** Data extracts follows **

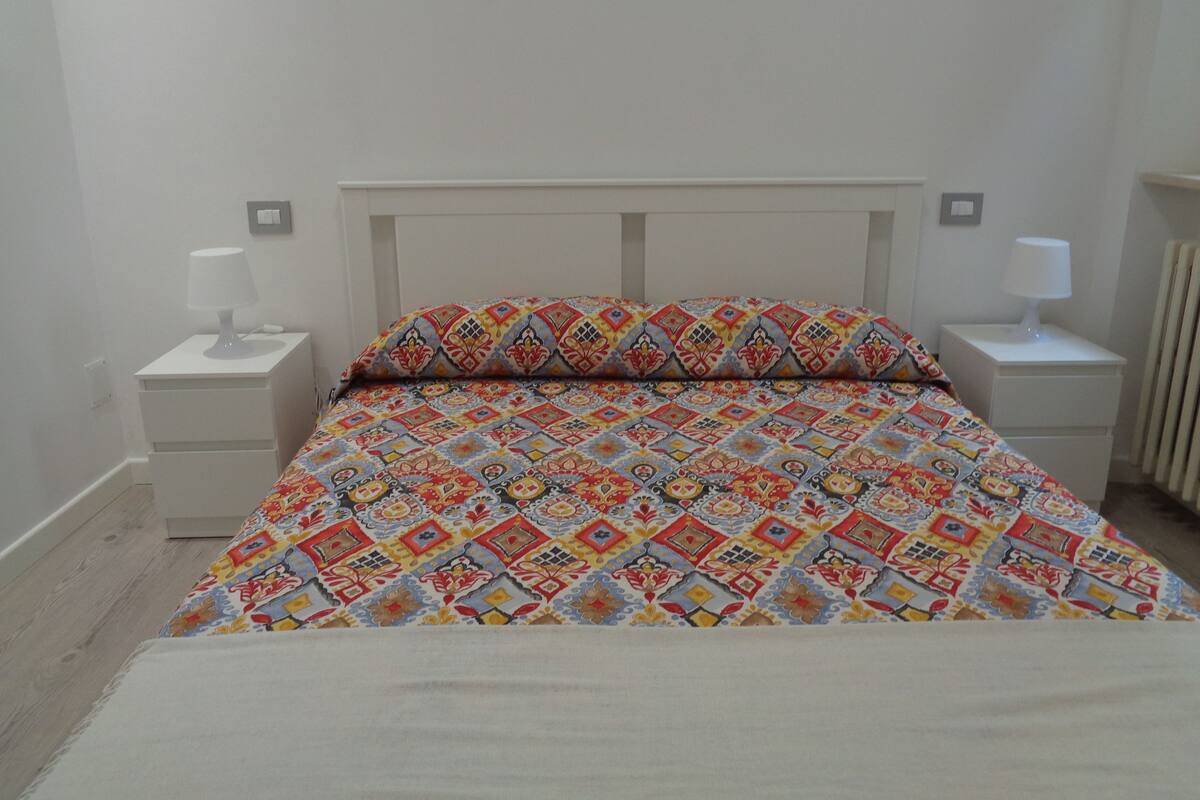 Une chambre à coucher avec un lit, deux tables de chevet et une petite table d’appoint.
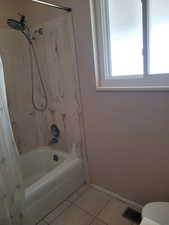 Bathroom featuring shower / bath combo, visible vents, baseboards, toilet, and tile patterned flooring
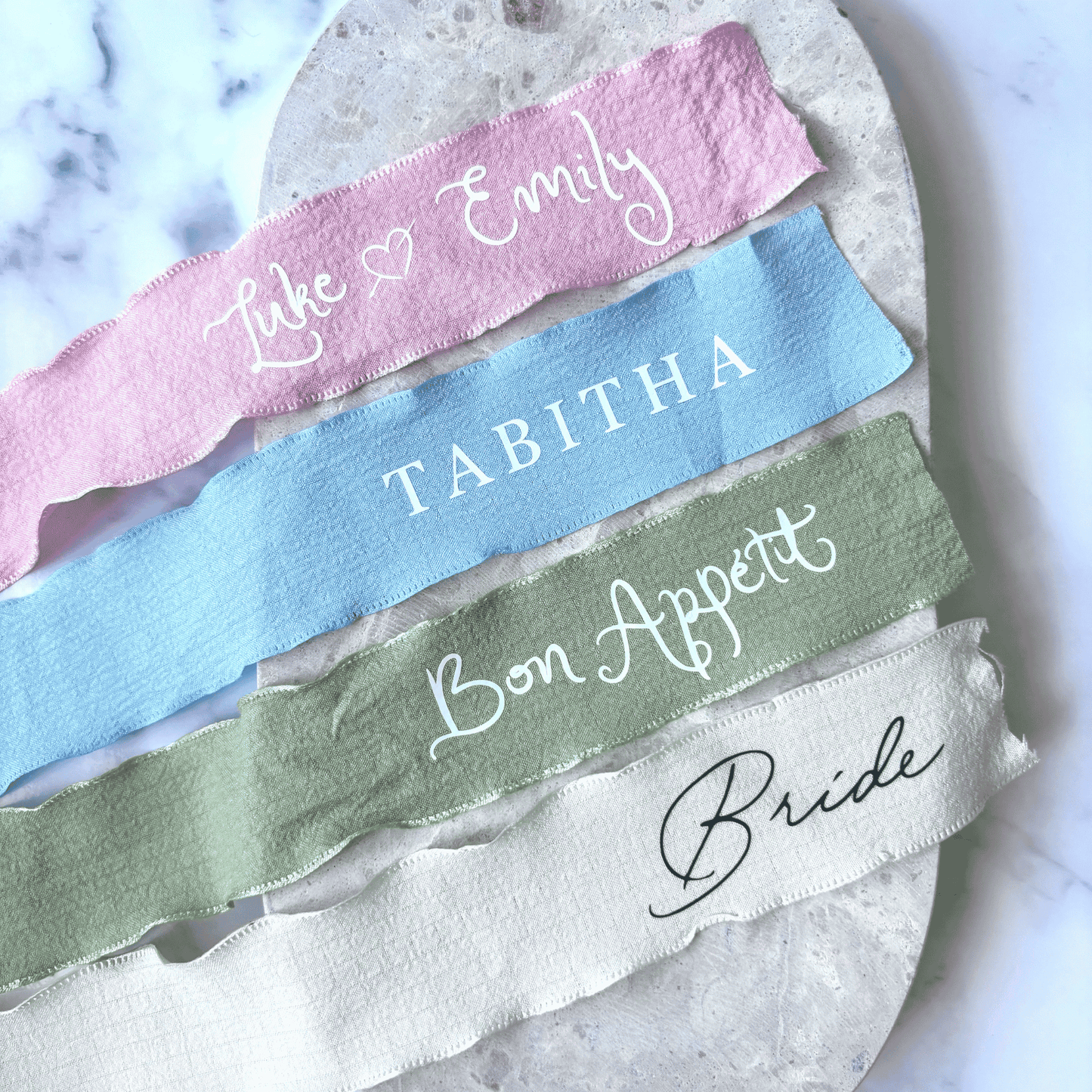Personalised wedding ribbons in assorted colours, custom wedding stationery for menus or table décor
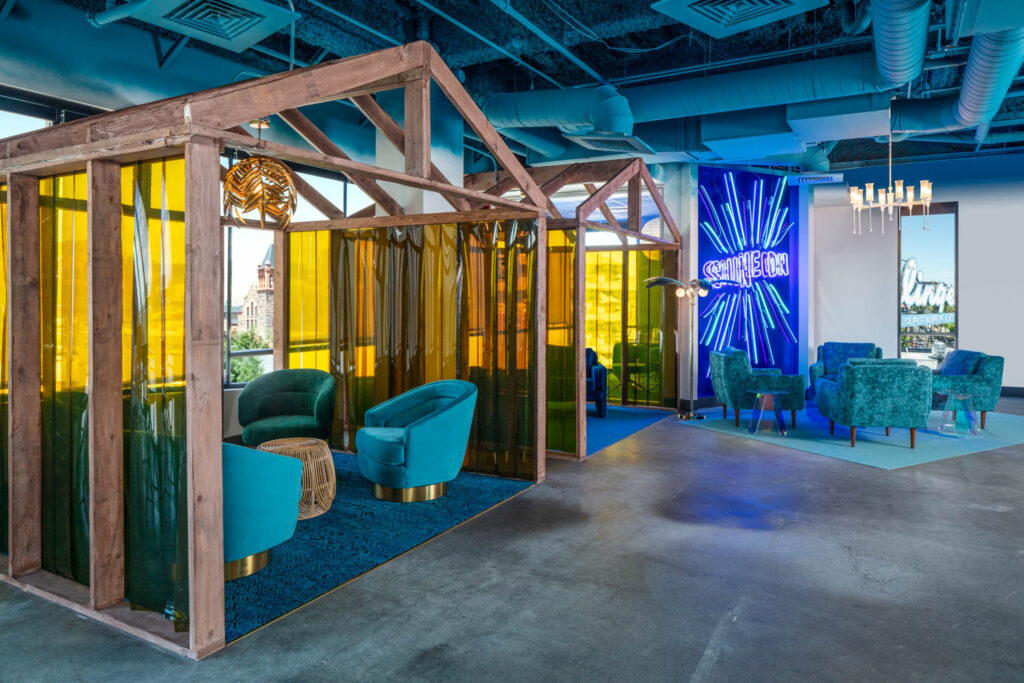 wooden cabanas surrounded by yellow curtains as part of Maximalist's design for Shinesty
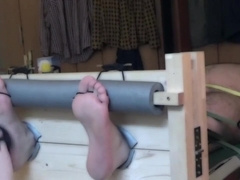 Naked bear tickled in stocks and on a rack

** End of Data extracts **

▶ [To do] Print every line above exactly. Leave the pictures out.

▶ [Solution]
 Une chambre à coucher avec un lit, deux tables de chevet et une petite table d’appoint.
 Bathroom featuring shower / bath combo, visible vents, baseboards, toilet, and tile patterned flooring
Personalised wedding ribbons in assorted colours, custom wedding stationery for menus or table décor
 wooden cabanas surrounded by yellow curtains as part of Maximalist's design for Shinesty
 Naked bear tickled in stocks and on a rack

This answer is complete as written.